I think it is HILARIOUS that I started my last blog post with “I think I’ll write something every Wednesday!”… and then wrote nothing for over a month. Typical!
I’m still Weight Watching (down 29.8 pounds, woot! But it barely shows, wahh). I mean, my clothes are looser, but I can still wear them. My face looks a little bit thinner, but overall? It looks like exactly what it is – a drop in the bucket that is my long-term goal.

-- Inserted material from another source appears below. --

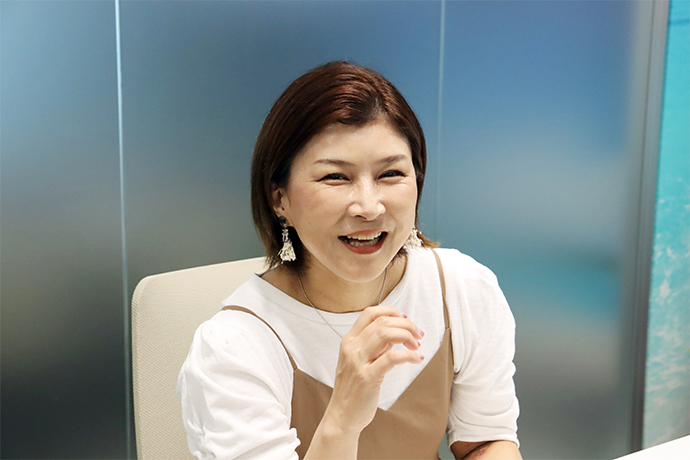 自身の人生について語る落語家の三遊亭あら馬さん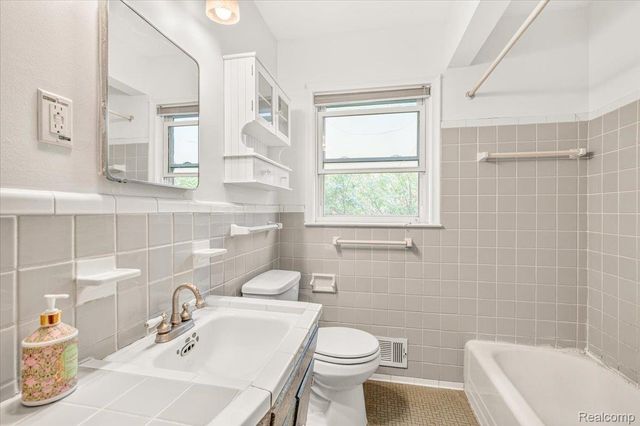 11802 Columbia, Redford Charter Township, MI 48239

I am definitely eating cleaner and healthier, and feeling well and energetic. I sleep well and I mostly wake up feeling rested and refreshed. However, when I get tired it hits me fast and hard. I’m good, I’m good, I’m good… and then I am asleep in a corner, drooling on my arm.

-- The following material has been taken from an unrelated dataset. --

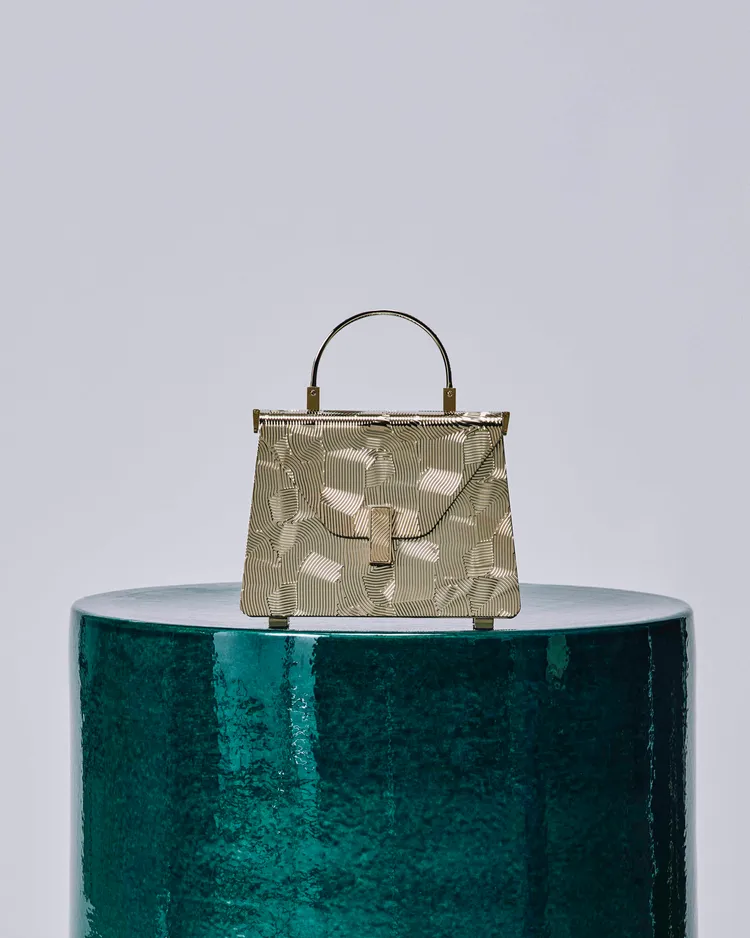 Iside Minaudiere披上金色波紋嶄新設計。品牌提供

Triathlon training is getting a little intimidating and overwhelming. Not physically – Coach Irondad knows what he’s doing and doesn’t ask me to do anything I can’t handle – but mentally and emotionally, for sure. Looking at the days and weeks ahead, I’m feeling a lot of “Oh shit, how am I going to be able to fit this in and make this work?” But there is really no wiggle room – I HAVE to prepare for the 70.3 I’m doing in December. Lately I’ve been wondering if I’ll be able to complete it in the time allowed (8 hours, 30 minutes). I’m honestly not sure. Though I’ve been training consistently and losing weight, I haven’t really been getting any faster… and I am ridiculously slow. Stress! Self-doubt!
Nothing to do but keep giving it my best.